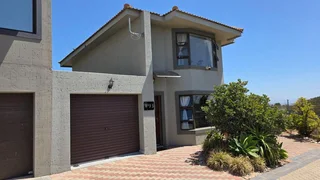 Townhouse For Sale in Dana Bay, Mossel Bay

= = = =

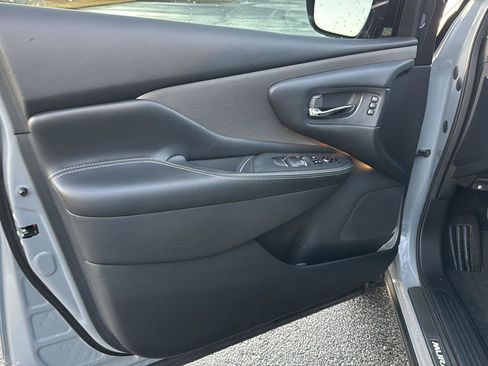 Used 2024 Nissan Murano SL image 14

= = = =

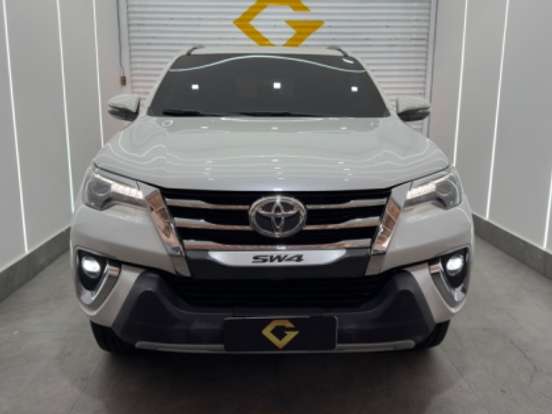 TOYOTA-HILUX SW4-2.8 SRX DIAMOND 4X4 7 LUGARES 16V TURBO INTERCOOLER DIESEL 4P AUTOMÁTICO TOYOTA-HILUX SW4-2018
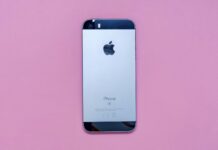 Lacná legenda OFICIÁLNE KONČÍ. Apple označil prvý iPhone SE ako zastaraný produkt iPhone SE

= = = =

WHAT THE EXERCISE ASKS:
In the records above, find the line with "TOYOTA-HILUX SW4-2.8 SRX" and the line with "Lacná legenda OFICIÁLNE"; please transcribe exactly those two lines and all lines between them, omitting any picture.

ANSWER AREA:
 TOYOTA-HILUX SW4-2.8 SRX DIAMOND 4X4 7 LUGARES 16V TURBO INTERCOOLER DIESEL 4P AUTOMÁTICO TOYOTA-HILUX SW4-2018
 Lacná legenda OFICIÁLNE KONČÍ. Apple označil prvý iPhone SE ako zastaraný produkt iPhone SE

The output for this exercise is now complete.